I have been lucky enough to work within the SAP ecosystem for more than 30 years, first with Hewlett Packard, then Gartner, where I spent almost two decades, before joining Resulting IT last year as a non-executive director. I am utterly gobsmacked that even now, after all that time, customers are still not achieving anything like as much business value as they should be from this great technology.
Those are the worrying headline findings from Resulting’s 2018 SAP Success Report. It is high time business leaders bucked this trend, for the sake of their organisation’s future.
In case you don’t know, SAP, headquartered in Walldorf in Germany, is Europe’s solitary $100-billion technology company. The first big application it sold was enterprise resource planning or ERP which has become a buzzword within the industry for the back office of an organisation.

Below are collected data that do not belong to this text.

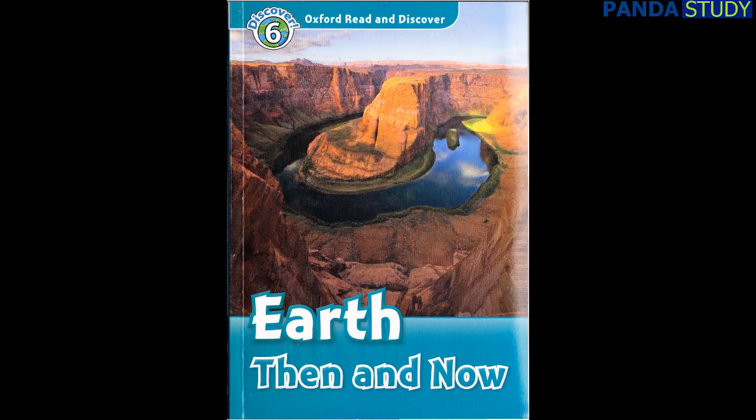Oxford Read and Discover Level 6: Earth, Then and Now by Robert Quinn. Read by Becca Stewart. Published and copyright Oxford University Press, 2011.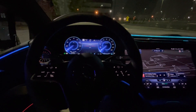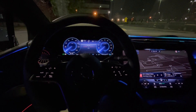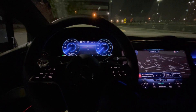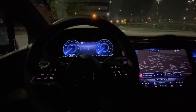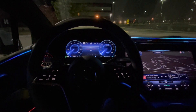Option one: Hey Mercedes. The car responds: how may I help you? Turn off my ambient lights. The car confirms: I'm turning off the ambient light. Hey Mercedes. How can I help? Turn on my ambient lights. I'm turning on the ambient light.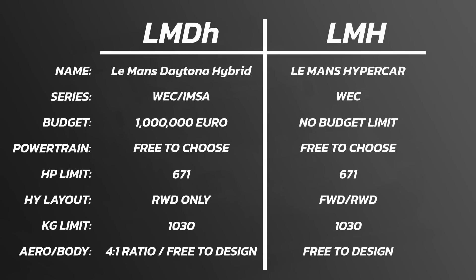There are quite a few differences between the two classes, especially when they come to race together in Le Mans and in the World Endurance Championship next year. I've put together a handy little table so you can see the really high-level points. LMDH stands for Le Mans Daytona Hybrid and the LMH category is called Le Mans Hypercar. LMDH cars will race in both IMSA and WEC, while LMH will only be in WEC. On budget limits, the LMDH car will have a budget cap of one million euros excluding the internal combustion engine, whereas LMH cars have no budget limit. Both categories are free to choose their powertrain. The horsepower limit when they both compete will be 671 brake horsepower. For hybrid output, LMDH will only be allowed to drive the rear wheels, whereas LMH will be allowed both front and rear hybrid powertrain.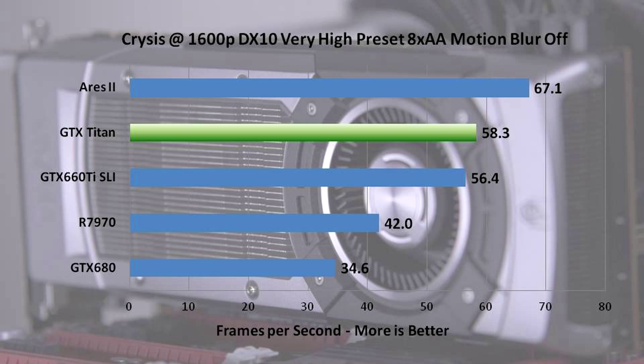The only thing that beats the Titan in Crysis is the Ares 2 — the dual 7970 solution. The Titan actually performs almost twice as well as a GTX 680. Part of this could be due to the larger frame buffer, although I doubt it since Crysis only used about 1GB of VRAM. It's probably due to the 7.1 billion transistors and 2600 CUDA cores. Titan performs pretty well, but it's about the same as GTX 660 Ti SLI, which starts to look like a pretty good value.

There is all this talk at the moment about business transformation and, while there is no question that the potential of nascent technologies such as artificial intelligence, the internet of things and machine-learning, is exciting, there is little point getting carried away if the back office is not in good order. This is where SAP and ERP come in.

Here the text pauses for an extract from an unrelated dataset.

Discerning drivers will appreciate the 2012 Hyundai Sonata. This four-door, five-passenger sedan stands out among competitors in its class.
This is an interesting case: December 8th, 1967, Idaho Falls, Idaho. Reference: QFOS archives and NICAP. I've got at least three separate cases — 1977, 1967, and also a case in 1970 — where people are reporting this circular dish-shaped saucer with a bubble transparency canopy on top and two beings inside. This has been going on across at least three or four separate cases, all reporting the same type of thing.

It may have been around for a long time, but ERP is just as vital today as it has ever been
ERP looks after the back office, dealing with the financial elements, reporting and procurement, and often manufacturing planning as well. Most importantly, it handles key customer experience processes such as order fulfilment and billing. It may have been around for a long time, but ERP is just as vital today as it has ever been. And from what I have seen recently, many business leaders are overlooking its considerable importance, preferring instead to dwell on newer technologies.

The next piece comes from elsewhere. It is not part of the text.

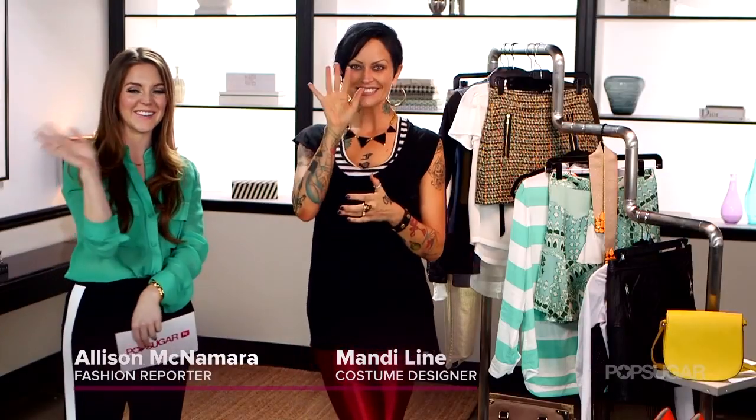Season four of Pretty Little Liars comes back on June 11th, so stay tuned to see Aria's sneak peek look and the rest of the cast. Thank you Mandy for coming here. You're welcome, thank you. We'll see you later.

C-suiters need to remember that having a robust back office is like having a good foundation for a house; it is impossible to scale successfully if that is not in place. Furthermore, the back and front offices need to be joined up to optimise business efficiency. We need, therefore, to go back to basics.
Traditionally, an organisation buys ERP software and then finds a big consulting firm, such as Accenture, IBM or Capgemini, to implement it. Those companies have great experience in leading clients through the processes of configuring ERP, setting it up and going live. Because integrating ERP is complicated and affects so many people, too many projects run into problems and delays you didn’t expect.
As Resulting’s research has uncovered, despite 20 years of “practice”, there is a startling lack of maturity and SAP customers are still having mixed success. The study reveals the big success levers that are the difference between triumph and failure with SAP, and identifies the elements that make the greatest impact upon plans, budgets and, most importantly, achieving the objectives in their business case.
Indeed, only around one-third said they had kept to their original SAP plan. Further, fewer than 30 per cent revealed they had come in on budget. And just under half admitted they had achieved their business objectives, which means, unbelievably, success is a 50-50 gamble. I can’t get my head around this statistic that should serve as a massive wake-up call to business leaders.
There are a small number of very smart companies out there that know how to make SAP a long-term success. Hands-on, customer-centric organisations are much more attentive and focused on client needs.
In my vast experience, it pays to engage niche companies that can show you how to optimise business processes and achieve self-sufficiency with SAP. Crucially, that attentiveness means better odds of SAP success and who doesn’t want to improve their odds of winning?